Exercise:
When copying the data, keep every line exactly the same.
#####
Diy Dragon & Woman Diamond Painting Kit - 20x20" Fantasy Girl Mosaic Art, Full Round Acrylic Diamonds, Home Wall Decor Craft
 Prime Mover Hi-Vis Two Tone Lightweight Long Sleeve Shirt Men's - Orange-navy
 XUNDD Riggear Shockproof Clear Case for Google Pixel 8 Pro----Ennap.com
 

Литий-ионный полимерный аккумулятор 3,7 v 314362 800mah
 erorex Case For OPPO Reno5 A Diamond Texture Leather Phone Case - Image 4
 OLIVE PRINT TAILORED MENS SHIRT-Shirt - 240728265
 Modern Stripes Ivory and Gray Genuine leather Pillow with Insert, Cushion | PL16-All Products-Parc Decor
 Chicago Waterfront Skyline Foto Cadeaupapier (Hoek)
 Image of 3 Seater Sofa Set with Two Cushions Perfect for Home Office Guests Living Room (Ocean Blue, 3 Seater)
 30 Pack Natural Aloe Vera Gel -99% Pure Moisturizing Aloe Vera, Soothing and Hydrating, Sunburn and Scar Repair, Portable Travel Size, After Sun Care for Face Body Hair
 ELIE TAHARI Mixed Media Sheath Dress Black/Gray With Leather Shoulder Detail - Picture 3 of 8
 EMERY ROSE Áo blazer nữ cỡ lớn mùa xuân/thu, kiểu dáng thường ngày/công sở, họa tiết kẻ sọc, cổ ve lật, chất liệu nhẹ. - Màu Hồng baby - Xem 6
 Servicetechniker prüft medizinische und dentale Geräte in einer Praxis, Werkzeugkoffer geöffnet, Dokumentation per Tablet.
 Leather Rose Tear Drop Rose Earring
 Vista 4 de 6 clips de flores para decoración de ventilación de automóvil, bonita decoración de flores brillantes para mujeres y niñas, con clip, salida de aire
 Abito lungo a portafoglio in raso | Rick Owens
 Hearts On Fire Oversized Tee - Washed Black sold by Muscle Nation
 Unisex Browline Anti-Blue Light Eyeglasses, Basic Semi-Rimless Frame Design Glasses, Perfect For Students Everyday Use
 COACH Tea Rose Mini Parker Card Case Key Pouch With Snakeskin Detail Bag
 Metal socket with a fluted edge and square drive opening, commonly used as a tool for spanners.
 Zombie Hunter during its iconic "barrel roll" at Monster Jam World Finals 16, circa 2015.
#####
Answer to the exercise:
Diy Dragon & Woman Diamond Painting Kit - 20x20" Fantasy Girl Mosaic Art, Full Round Acrylic Diamonds, Home Wall Decor Craft
 Prime Mover Hi-Vis Two Tone Lightweight Long Sleeve Shirt Men's - Orange-navy
 XUNDD Riggear Shockproof Clear Case for Google Pixel 8 Pro----Ennap.com
 

Литий-ионный полимерный аккумулятор 3,7 v 314362 800mah
 erorex Case For OPPO Reno5 A Diamond Texture Leather Phone Case - Image 4
 OLIVE PRINT TAILORED MENS SHIRT-Shirt - 240728265
 Modern Stripes Ivory and Gray Genuine leather Pillow with Insert, Cushion | PL16-All Products-Parc Decor
 Chicago Waterfront Skyline Foto Cadeaupapier (Hoek)
 Image of 3 Seater Sofa Set with Two Cushions Perfect for Home Office Guests Living Room (Ocean Blue, 3 Seater)
 30 Pack Natural Aloe Vera Gel -99% Pure Moisturizing Aloe Vera, Soothing and Hydrating, Sunburn and Scar Repair, Portable Travel Size, After Sun Care for Face Body Hair
 ELIE TAHARI Mixed Media Sheath Dress Black/Gray With Leather Shoulder Detail - Picture 3 of 8
 EMERY ROSE Áo blazer nữ cỡ lớn mùa xuân/thu, kiểu dáng thường ngày/công sở, họa tiết kẻ sọc, cổ ve lật, chất liệu nhẹ. - Màu Hồng baby - Xem 6
 Servicetechniker prüft medizinische und dentale Geräte in einer Praxis, Werkzeugkoffer geöffnet, Dokumentation per Tablet.
 Leather Rose Tear Drop Rose Earring
 Vista 4 de 6 clips de flores para decoración de ventilación de automóvil, bonita decoración de flores brillantes para mujeres y niñas, con clip, salida de aire
 Abito lungo a portafoglio in raso | Rick Owens
 Hearts On Fire Oversized Tee - Washed Black sold by Muscle Nation
 Unisex Browline Anti-Blue Light Eyeglasses, Basic Semi-Rimless Frame Design Glasses, Perfect For Students Everyday Use
 COACH Tea Rose Mini Parker Card Case Key Pouch With Snakeskin Detail Bag
 Metal socket with a fluted edge and square drive opening, commonly used as a tool for spanners.
 Zombie Hunter during its iconic "barrel roll" at Monster Jam World Finals 16, circa 2015.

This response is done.